## Data for analysis:
•••

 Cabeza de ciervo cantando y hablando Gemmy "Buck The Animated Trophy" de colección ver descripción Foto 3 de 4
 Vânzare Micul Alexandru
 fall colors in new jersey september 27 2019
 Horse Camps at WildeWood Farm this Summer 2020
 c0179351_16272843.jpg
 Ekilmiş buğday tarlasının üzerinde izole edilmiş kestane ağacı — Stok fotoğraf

•••

## About this exercise:
Print the line with "Horse Camps at" and every line after it in the entries above, exactly as written. Leave out all other lines.

## Answer box:
 Horse Camps at WildeWood Farm this Summer 2020
 c0179351_16272843.jpg
 Ekilmiş buğday tarlasının üzerinde izole edilmiş kestane ağacı — Stok fotoğraf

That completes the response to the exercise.